Lord Christopher Monckton:

Having failed with “global warming” … they have now come up with “sustainable development”. This means pretty much whatever you want to mean.You can say it is about gender equality and women’s empowerment – mentioned at least 5 times in pre-session draft negotiating texts. It’s about all kinds of fashionable left-wing Marxist and other socialist causes.
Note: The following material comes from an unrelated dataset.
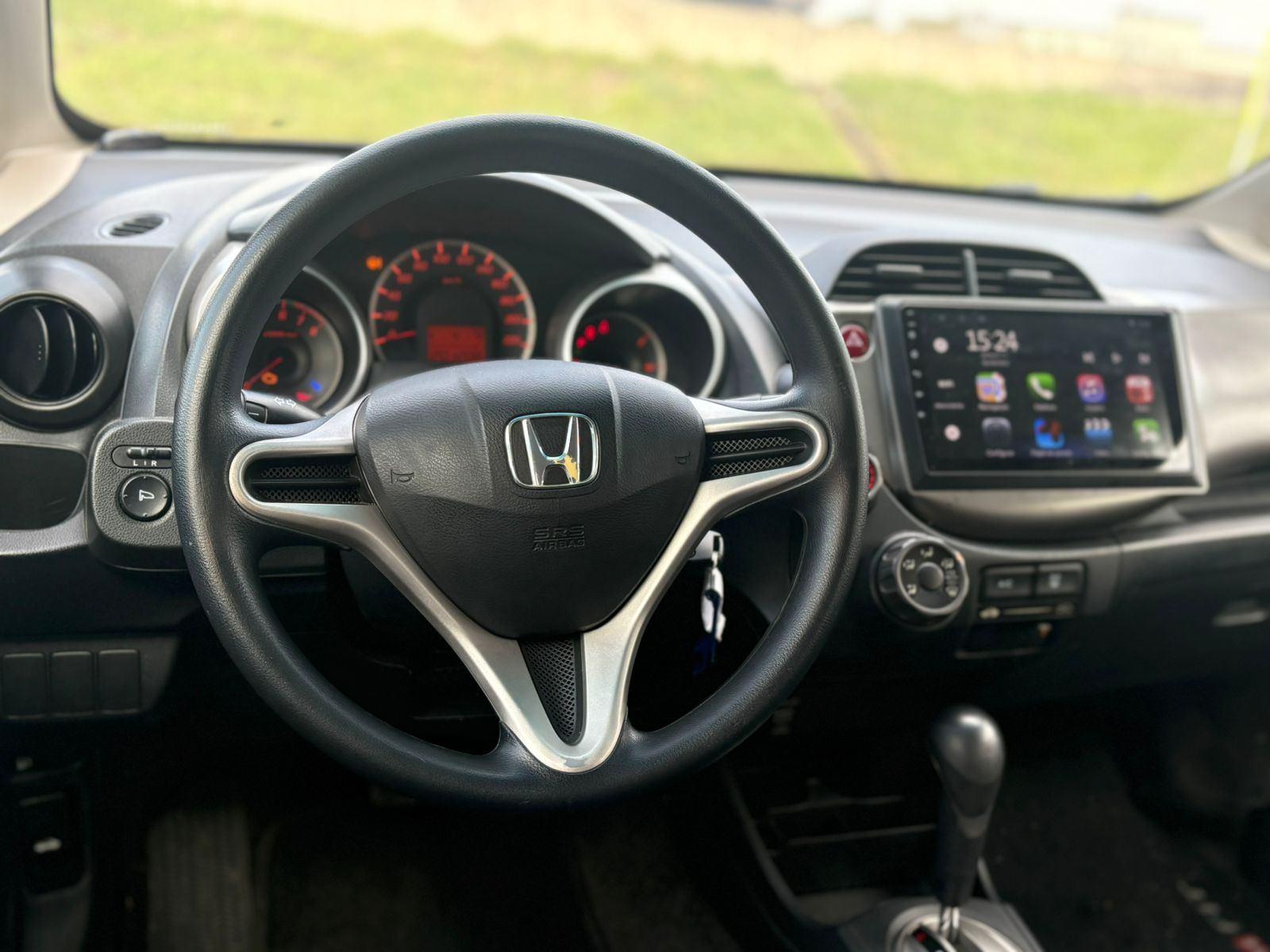 Foto número 373137 do veiculo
It is not in fact about the environment and it is not about development.

The Rio+20 Earth Summit – we’re happy to say – failed in its own terms: a failure for the anti-human cohorts of Big Green and the Church of Gaia.

But if it marks an end to the concocting by Big Green of “one environmental crisis after another designed to have people give over more of their political rights, more of their economic freedom to unelected bureaucrats or government regulators”, and a redefining of sustainable development “as oil, gas, coal — energy that works and energy that lifts people out of poverty”, then its failure can be counted as a triumph for humankind.

The UN must be destroyed.

Big Green finds a new excuse 58

The Synod of the Church of Gaia has found a new excuse for trying to impose international communism on the world under the dictatorship of the UN.

This is from Townhall, by Paul Driessen and David Rothbard:

The UN Conference on Sustainable Development is underway [20-22 June, 2012] in Rio de Janeiro. This time, 20 years after the original 1992 Rio “Earth Summit,” thousands of politicians, bureaucrats and environmental activists are toning down references to “dangerous man-made climate change,” to avoid repeating the acrimony and failures that characterized its recent climate conferences in Copenhagen, Cancun and Durban.

Instead, “Rio+20” is trying to shift attention to “biodiversity” and alleged threats to plant and animal species, as the new “greatest threat” facing Planet Earth. This rebranding is “by design,” according to conference organizers, who say sustainable development and biodiversity is an “easier sell” these days than climate change: a simpler path to advance the same radical goals.

What are those radical goals? Same old, same old. They don’t change.

Those goals include expanded powers and budgets for the United Nations, UN Environment Programme, US Environmental Protection Agency and other government agencies, and their allied Green pressure groups; new taxes on international financial transactions (to ensure perpetual independent funding for the UN and UNEP); and more mandates and money for “clean, green, renewable” energy.

Their wish list also includes myriad opportunities to delay, prevent and control energy and economic development, hydrocarbon use, logging, farming family size, and the right of individual countries, states, communities and families to make and regulate their own development and economic decisions.

Aside from not giving increased power to unelected and unaccountable bureaucrats and activists, there are two major reasons for stopping this attempted biodiversity-based power grab.

1) There is no scientific basis for claims that hundreds or thousands of species are at risk. …

No bird or mammal species in recorded history is known to have gone extinct due to climate change.

2) The greatest threats to species are the very policies and programs being advocated in Rio.

Those policies would ban fossil fuels, greatly increase renewable energy use, reduce jobs and living standards in rich nations, and perpetuate poverty, disease, death and desperation in poor countries.

The Rio+20 biodiversity and sustainability agenda means artificially reduced energy and economic development. It means rationed resources, sustained poverty and disease, and unsustainable inequality, resentment, conflict, and pressure on wildlife and their habitats. …

Soon after that the authors go off the rails, raving about “Our Creator”, a mystical being who, they imagine, “endowed” us with “a world of riches”.

But the greater part of the article is worth reading.